Authors: We respectfully disagree that the central claim requires quantitative matching between simulated and experimental statistics. The manuscript's core contribution is a controlled demonstration, via forward simulations with independently specified ground-truth interaction parameters and behavioral switches, that the force-based model produces spurious detections while the turning-angle probability model recovers the true parameters. This isolates temporal heterogeneity as a confounding factor without circularity. The simulations incorporate persistence, speed variation, and distance-dependent turning to capture the relevant mechanism, but the validation is external (recovery of known parameters) rather than a claim to reproduce any specific experimental dataset. The abstract and results sections make no assertion that the simulated trajectories match real recordings; the focus is methodological robustness.
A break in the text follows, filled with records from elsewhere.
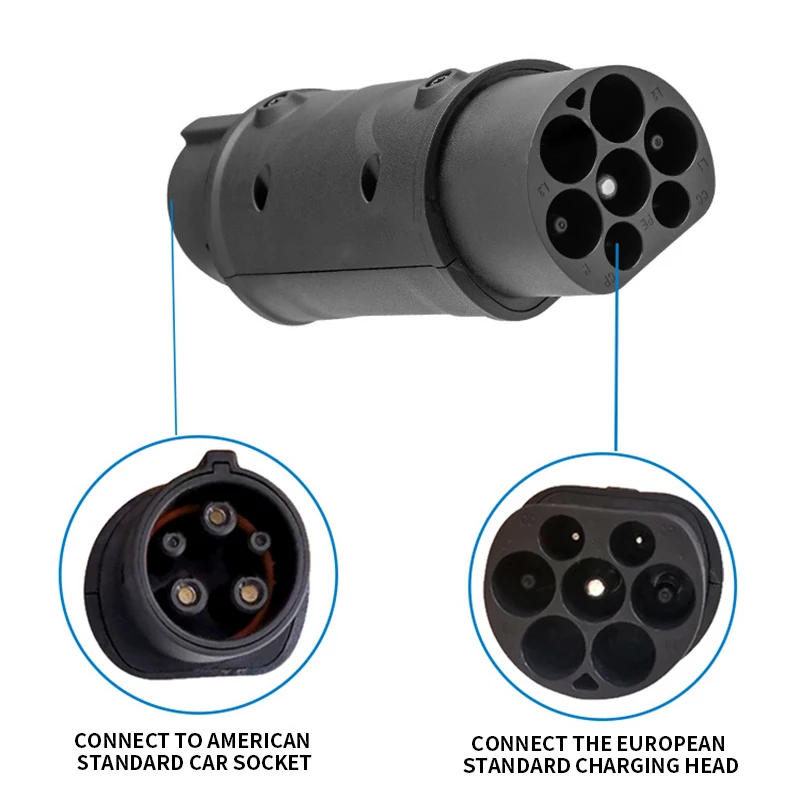 Конвертер SAE J1772 для зарядки европейского стандарта в американский стандартный адаптер для электромобиля зарядный пистолет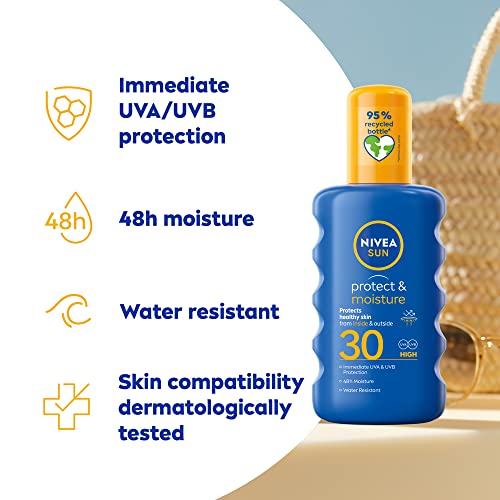 Nivea Sun Lait Fluide Protecteur Rafrâichchissant Protect And Refresh Spray Spf30 200ml - vue 3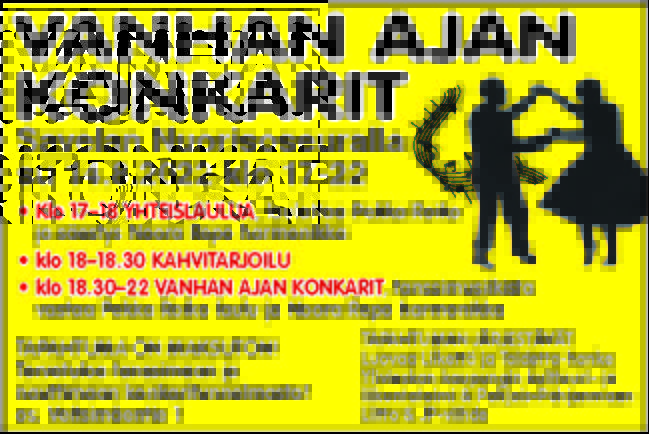 Vanhan ajan tanssit Savelan Nuorisoseuralla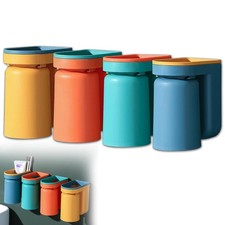 Toothbrush Holder Wall Mounted with Cup,2-in-1 Toothbrush Holders Cups Set,...
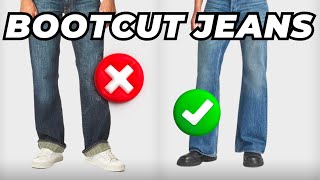 HOW TO STYLE BOOTCUT JEANS 5 BOOTCUT JEANS OUTFITS  MEN’S FASHION [upl. by Borszcz]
Adding such matches would require new experimental data and is outside the current scope, though we would be willing to expand the discussion of simulation parameterization if helpful. revision: no
Circularity Check
No significant circularity; validation uses independent forward simulations
full rationale
The paper's derivation chain consists of defining two alternative interaction models (force-based and turning-angle probability) and testing parameter recovery on simulated trajectories. Interaction parameters are set independently in the simulations before fitting, and recovery success is measured against those known values. This constitutes an external check rather than any reduction of outputs to inputs by construction. No self-definitional equations, fitted-input predictions, or load-bearing self-citations appear in the provided text. The central claim therefore remains independent of the fitting procedure itself.
Axiom & Free-Parameter Ledger
free parameters (2)
- interaction strength
- interaction range
axioms (2)
- standard math Maximum likelihood estimation recovers true parameters when data are generated from the assumed interaction model.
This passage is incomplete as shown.